The 'Advent calendar' from Neumz is presented by Dr Arreguin Rosales; he is talking about the 'O' Antiphons, the first of which, O Sapientia, is sung at Vespers this afternoon. The initial letters of these antiphons, taken backwards, spell out the Latin words ero cras, that means 'I will be here tomorrow'-- the series ends with O Emmanuel at Vespers on the 23rd. 

An idle bit of trivia. There is a family in Spain and presumably elsewhere in the Hispanic world at this point that bears the name De la O, and these antiphons are indeed wherefrom it derives. But see immediately infra.

In some places, tomorrow is the feast of Our Lady's Expectation, de l’expectation de l’enfantement de la Bienheureuse Vierge Marie, in Expectatione Partus Beatae Virginis Mariae (CE, Wiki). I have to laugh because the first thing my eyes lit upon at that Catholic Encyclopedia article was the declaration of Fr Holweck that the family name De la O 'has nothing to do with the 'O' Antiphons in the Roman Rite'. 

The feast of 18 December was commonly called, even in the liturgical books, 'S. Maria de la O', because on that day the clerics in the choir after Vespers used to utter a loud and protracted 'O', to express the longing of the universe for the coming of the Redeemer (Tamayo, Mart. Hisp., VI, 485). The Roman 'O' antiphons have nothing to do with this term, because they are unknown in the Mozarabic Rite. This feast and its octave were very popular in Spain, where the people still call it 'Nuestra Señora de la O'.

He's writing about the Hispano-Mozarabic Rite because the feast of the Expectation was instituted in Spain as a way of actually celebrating the Annunciation rather than allowing the feast almost always to be suppressed by the Lenten observance (Roman law at that point still prohibiting feasts in Lent-- March 25 falls outside of Lent once every eleven or twelve years); the Tenth Council of Toledo in 656 assigned the feast to the 18th.
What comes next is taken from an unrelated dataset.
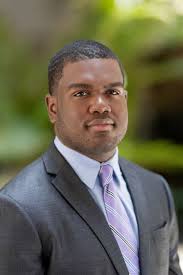 Alumni Council Exec Committee Members Highlight Their Raven Pride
I seem to remember Father Hunwicke writing about this yesterday-- as indeed he did-- although he doesn't concern himself with the name de la O....

Morning's pleasantness has settled into grey overcastness at this point in the afternoon, alas. Arvo Pärt's version of the antiphon O Sapientia as an antidote.
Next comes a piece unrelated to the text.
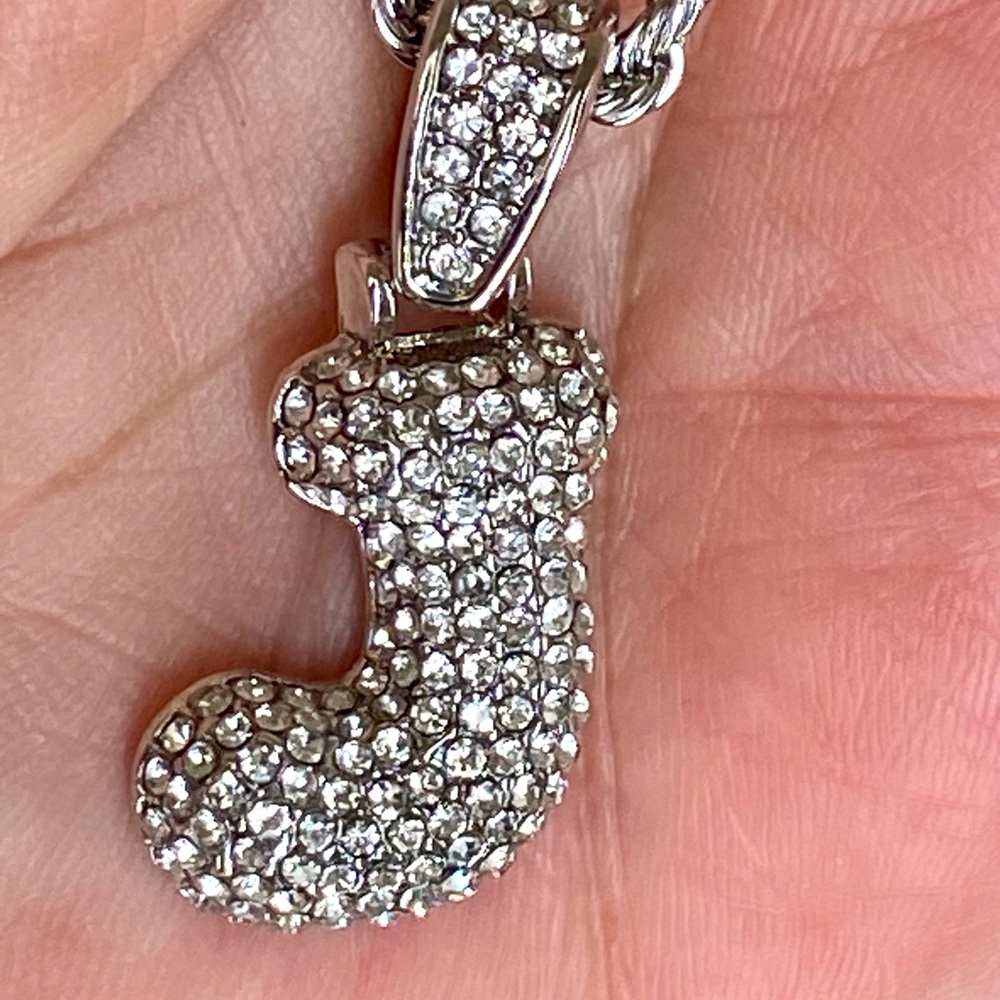 💥🌺💥 Beautiful J letter pendant 🎁💥💥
An interview with Christian Marquant of Paix Liturgique is translated at Rorate Caeli; M. Marquant is the principal director of that organisation and their website. Paix Liturgique, which has fought the good fight-- we all of us have the right to hear Mass in the Traditional Rite in our own parishes, as grand as the work of the traditionalist clerical institutes is-- in France and elsewhere for four decades and more, is detested by certain malign or misguided people because inter alia they have, with their limited resources, become expert at using the modern tools of the polling industry to demonstrate that the Traditional Rite retains the favor and support of large numbers of Catholics whose voices aren't heard in the episcopal courts and certainly not at the palaces of the Bishops Conferences.

... Throughout the world, crowds upon crowds of Catholics who are uninformed or have been duped aspire to live an authentic faith with a holy liturgy. If they are aware of it but do not have access to it, we must help them to achieve it in practice. And if they do not know it yet, it is once again up to us to let them know it....
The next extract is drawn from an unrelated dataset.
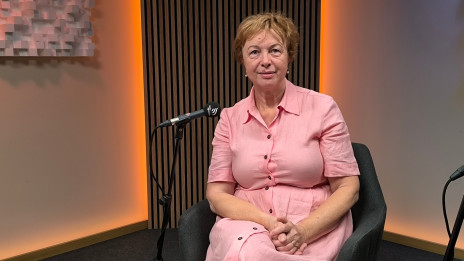 Dr. Emilija Vlčkova v studiu Radia Ognjišče (photo: Izidor Šček)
Their French website is here (and the interview is on the front page).

Marion Renault wrote an article that was in the New York Times today; about Chartreuse and the vicissitudes of selling it in tempore pestilentiae. A decent article without any cheap shots about holy religion or the monastic life, although it rather pathetic that the present plague is understood to be as horrific as "avalanches, landslides, terrible fires, religious wars, pillaging, evictions and exile, military occupation, the French Revolution". I knew one of the sources quoted, Father Michael Holleran, under a different name lo! those 25 years ago. 

I speculated just the other day, when I decided not to check on the price of a bottle of Chartreuse, passing the liquor store open for business, that 'it is bound to cost thirty or forty dollars' these days-- it's been years since I considered buying any. Today's article mentions $60!  I don't think I was even aware that there is a 'cask aged' ($180!) variety. No Chartreuse gelée for my Christmas peaches, alas.